12. Issue 5. The transaction was not within the scope and purpose for which the firm was carried on. That is these particular transactions were not. The firm might have made hundis for the purpose of their business, but these hundis were not for that purpose.
13. Issue 6. This issue is now admittedly immaterial but I find on the evidence that it is not proved that the note was without consideration, and was obtained by false representations. Undoubtedly the consideration was very inadequate, nothing more than a mere promise, and Narotamdas was misled by the specious misrepresentations of Ghelabhai; but I do not believe on the evidence, that he was misled to the extent of believing that he would incur no responsibility.
14. Issues 7 and 8 are found for the plaintiff as already stated.
15. Issues 9 and 10, I find in favour of the plaintiff. It is true that before Suit 60 was filed the second note had fallen due and had been dishonoured; but before that event happened, instructions had been given to file the suit on the note which had previously fallen due and been dishonoured. In matters of this kind promptness is of real importance, and it is not reasonable to deprive the plaintiff of certain costs because he did not stay his hand in the matter of the first suit in order that the second might be amalgamated with it before any suit was filed.
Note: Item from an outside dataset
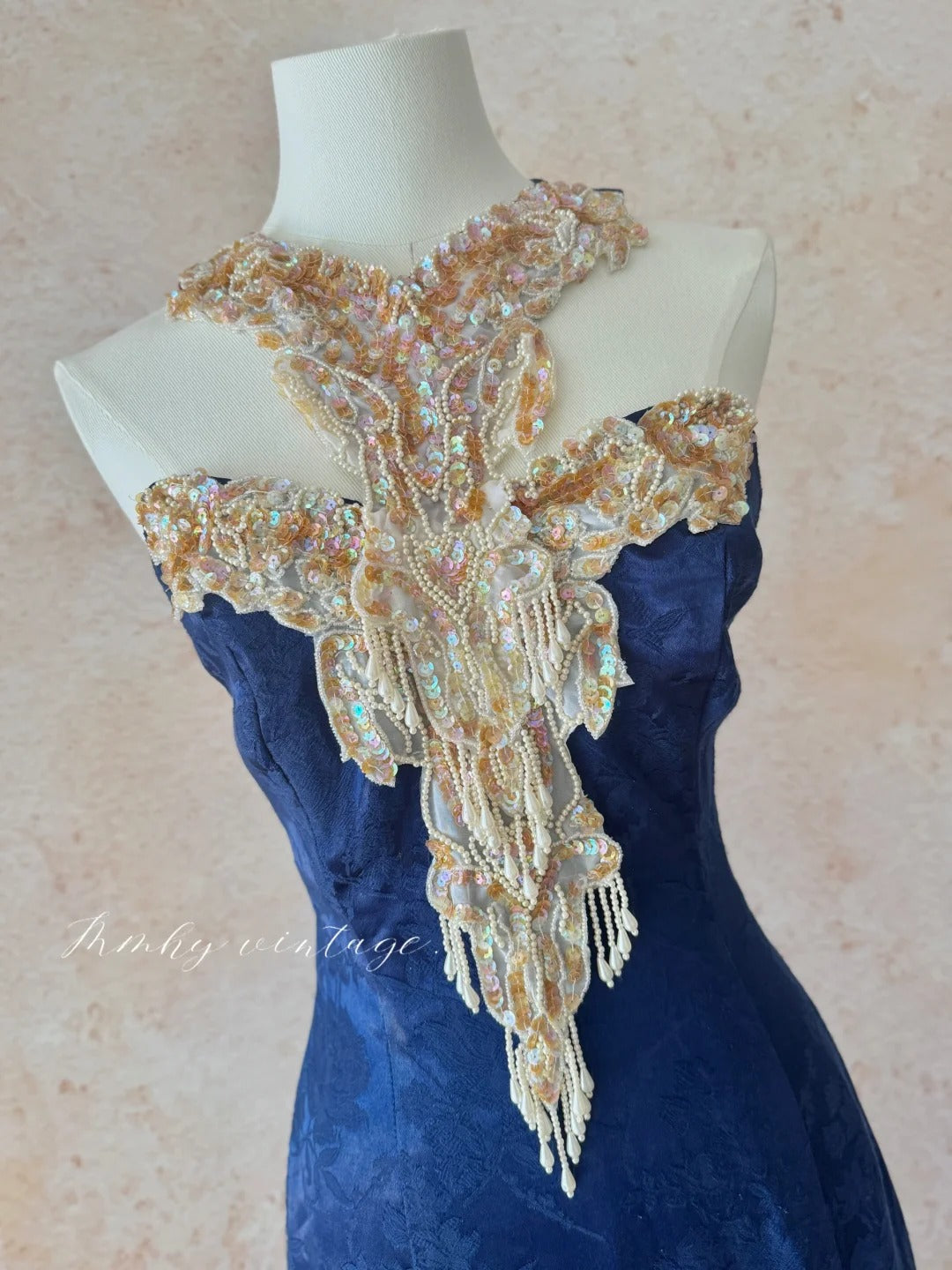 Blue Retro Elegant Halter Neck Exquisite Sequins Pearl Tassel Long Slim Sexy Prom Dress Evening Dress Adult Ceremony Dress Birthday Dress Prom Dress nv4098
16. Issue 11. This needs no remark.
17. Issue 12. This is purely technical. It is said that the suit will not lie under Rule 365 because more than one partner is not alleged or disclosed by the plaint, and will not lie under Rule 375 because it is not a suit against one person. It seems to me that both propositions may safely be allowed without disturbing the plaintiffs’ rights. These two rules do not exhaust the possible cases. This case is one of a simplicity which does not require to be provided for by a special rule. It is a suit on a promissory note against the maker of the note
18. There will be a decree as prayed for against all the defendants with all costs.
19. Decree to be against the firm of Raghunathji Tarachand and against defendant of the second party as the representatives of Hirabhai Ghelabhai to the extent of the funds of Hirabhai Ghelabhai which have come to then hands.